Nurhadi membantah ia pernah mengadakan pertemuan dengan Chairman PT Paramount Enterprise Internasional itu untuk membahas perkara yang tengah menjerat anak perusahaan Lippo Group tersebut.

"Sama sekali enggak ada," kata Nurhadi. Jawaban normatif ini sering dilontarkan Nurhadi saat ia diperiksa penyidik KPK waktu-waktu lalu.

Sementara itu Juru Bicara KPK Febri Diansyah mengatakan, penyidik mendalami hubungan langsung dan tidak langsung antara Nurhadi dengan Eddy Sindoro dalam konteks kasus suap ini.

"Apa yang diketahui dan apa yang pernah dilakukan Nurhadi saat masih menjabat dulu tentu menjadi perhatian kami," ujar Febri.

Nama Nurhadi pertamakali menjadi sorotan setelah Panitera PN Jakarta Pusat Edy Nasution ditangkap KPK pada 18 April 2016. Ia diduga menerima suap dari pihak swasta yang tengah mengurus peninjauan kembali perkaranya di MA.

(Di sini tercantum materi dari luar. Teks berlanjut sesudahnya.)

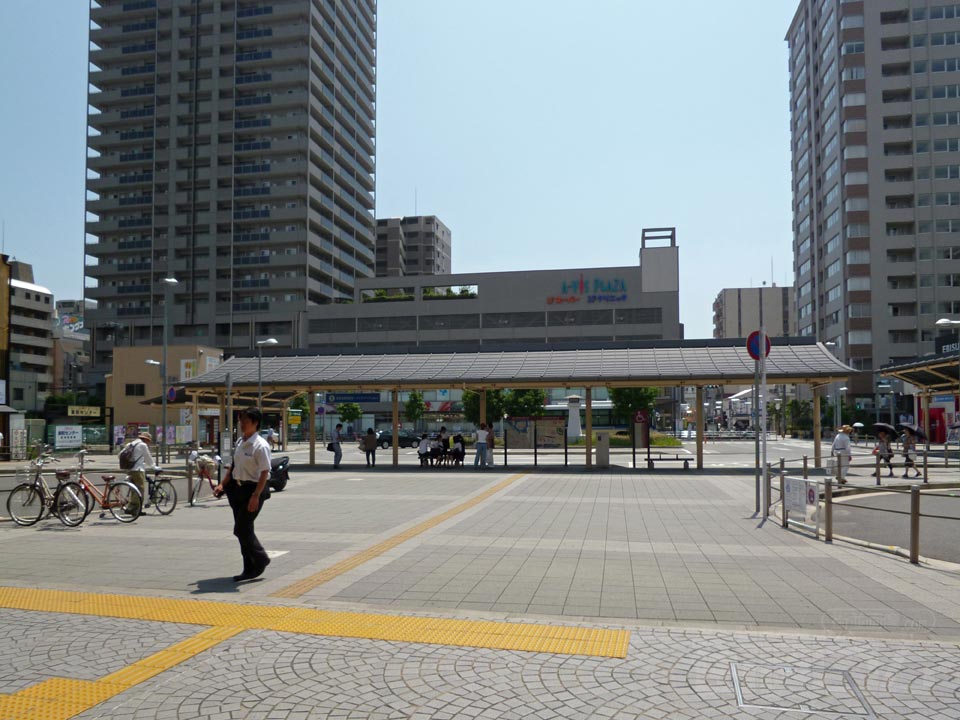 阪神西宮駅南口前
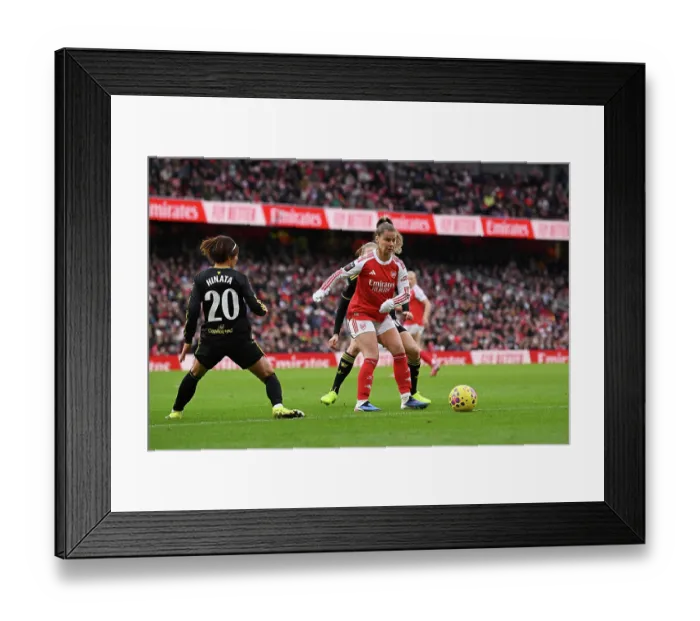 Framed Print : Arsenal v Manchester United - Barclays Women's Super League Arsenal v Manchester United - Barclays Women's Super League Framed Print : Arsenal v Manchester United - Barclays Women's Super League Arsenal v Manchester United - Barclays Women's Super League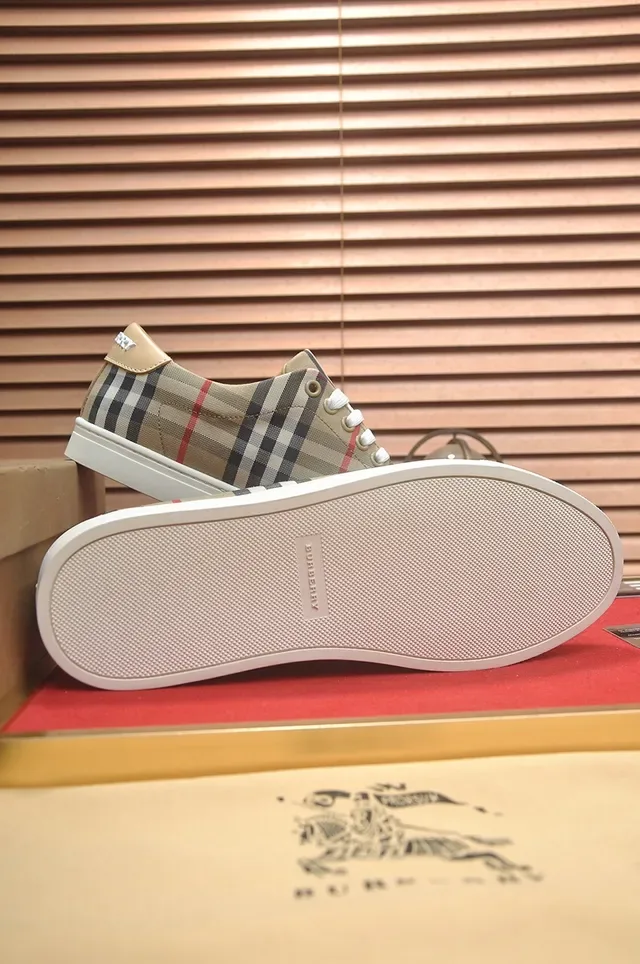 Burberry Beige Blanc Motif à Carreaux Toile Partie Supérieure Semelle en Caoutchouc Sneakers Lifestyle 2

Nurhadi 'The Untouchable'?

KPK pernah menggeledah rumah Nurhadi dan menemukan uang sebanyak Rp 1,7 miliar yang 'dibuang' di toilet rumah mewahnya di Jalan Hang Lekir, Kebayoran Baru, Jakarta Selatan. Sudah beberapa kali diperiksa, namun KPK belum menetapkan status apapun terhadap Nurhadi.

Nurhadi juga telah diperiksa penyidik KPK pada 24 dan 30 Mei serta 3 Juni 2018. Sedangkan Tin yang merupakan mantan Kepala Pusat Pendidikan dan Pelatihan Manajemen dan Kepemimpinan Badan Litbang Diklat Hukum Peradilan MA sudah perna diperiksa pada 1 Juni 2018.

Pemanggilan keduanya diduga berkaitan dengan dugaan penemuan aliran uang yang mencurigakan.

Berdasarkan data dari Pusat Pelaporan dan Analisis Transaksi Keuangan (PPATK) yang telah dilaporkan ke Kejaksaan Agung, sepanjang 2004-2009, aliran uang yang masuk di rekening Tin mencapai Rp 1 miliar sampai 2 miliar. Nurhadi juga terdeteksi pernah memindahkan uang Rp 1 miliar ke rekening Tin. Istrinya itu juga pernah menerima Rp 6 miliar melaui setoran tunai pada 2010-2013.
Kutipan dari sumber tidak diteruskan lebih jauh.